到了黃昏時刻,一輛馬車緩緩的停在了侍郎府門前,過了一會,李適之急匆匆的從家中走出來,馬不停蹄的上了馬車,裡面只有兩人,一個是久別重逢的兒子李躍,另一位女子戴着白色面紗,正是楊玉環,她瞧見李適之面帶驚奇的看着自己,順手摘下面紗。
“李大人,恕我不能告訴你身份,還請你見諒。”
李適之謙讓道。“哪裡哪裡,既然事關皇上,老臣跑一趟皇宮又算什麼。

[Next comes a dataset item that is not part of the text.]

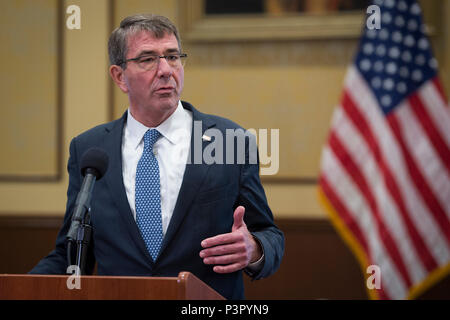 Au cours d'une visite à Fort Bragg, le secrétaire à la Défense Ash carter donne une conférence de presse mettant en lumière l'état de préparation au déploiement de l'Armée de terre, les initiatives de leadership, la formation des unités et la planification opérationnelle. La séance d'information informe les médias sur les activités de Fort Bragg, les objectifs militaires stratégiques et le soutien aux soldats qui se préparent pour des missions nationales et outre-mer. Banque D'Images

”
一路行駛到皇宮外,守門的禁衛軍,看到是當朝侍郎李適之,順利放行。過了數道關卡,很快就到了內宮。此刻御書房內,李隆基正走來走去,焦急的等着消息。突然一個小宦官走進來,跪倒在地報告刑部侍郎李適之求見。
李隆基正在爲楊玉環遇刺的事情煩着呢,哪有心思見李適之,正要揮手說不見,小宦官補充道:“李大人不是一個人覲見,隨同還有他的兒子李躍以及一個蒙着面紗的女子。”
“快快將三人帶到御書房。”聽到隨同還有李躍跟一位蒙着面紗的女子,李隆基心中一喜,想到了一個可能性。
過了一小會,李適之最先進來,跪拜之後說道:“老臣只是負責帶他們二人順利進宮,既然已經得到了陛下的召見,那老臣先告退了。”
隨後李躍跟楊玉環走進來,李隆基第一眼就認出來蒙着面紗的女子正是自己朝思夜盼的楊玉環,高興地想要上前安慰一番,不過看到有李躍在這裡,就先安排太監宮女帶着楊玉環到已經準備好的住處。戀戀不捨的將楊玉環送走之後。
李隆基心情大好,心中的一塊大石落地了,這纔開始詢問李躍這件事情的來龍去脈。李躍就從自己是如何碰巧遇到此事,從金陵到洛陽,然後回來的路上發現楊玉環的車隊遇到刺殺,然後如何逃跑,又如何設計殺死對方的最後兩個刺客,聽到李躍講到兩個刺客被他殺死,屍體還在山上,李隆基立刻叫人進來,吩咐他們火速前往那座山上找到屍體。
當然了,捨身救楊玉環,以及兩人獨處山洞的事情被李躍省略掉,只是說自己到了山洞內,然後就暈闕過去,直到今天早上才醒過來,然後兩人爲了防止還有刺客,就繞過先到了李家的莊園,接下來就是怎麼進長安,怎麼進宮,都詳細的講了出來。
李隆基聽完李躍的講述,轉過身子,李躍已經說得很詳細,與現場的一切也都很吻合,毫無疑問,若非李躍恰好遇到,並且天神下凡一般捨身相救,那楊玉環豈不是已經遭人殺害,李隆基的臉色變得陰沉,淡淡的語氣問道:“在此過程中你可有聽到什麼線索?”
剛纔還和氣的氣氛一下子緊繃起來,李躍頓時感覺到一股強大的壓力,傳說中的帝王之氣,彷彿自己就像是一葉小舟,在李隆基的面前隨時可能傾覆一般,而自己的心中的一切似乎都逃不過他的雙眼一般。李躍裝出一副噤若寒蟬,卻又猶豫不決的神情。
“知道什麼,儘管說來,有朕幫你撐腰,害怕什麼。”李隆基冷冷的說道。
李躍聽到這句話,終於有了一些底氣,堅定的說道:“臣藏在第二個刺客的身邊,埋身在雪地裡,襲殺最後一個刺客的時候,聽到他嘴中自言自語,似乎是與“眼線”有關,其他的因爲當時情況緊急,風雪交加,臣沒有聽
清,只能確定他的話語中有眼線兩個字。”
李隆基安靜的思考了片刻,上前扶起李躍,之前那種壓力瞬間煙消雲煙,親切的說道:“清風,你這次見義勇爲,拔刀相助,真乃我大唐的勇士,朕一定要重賞你。”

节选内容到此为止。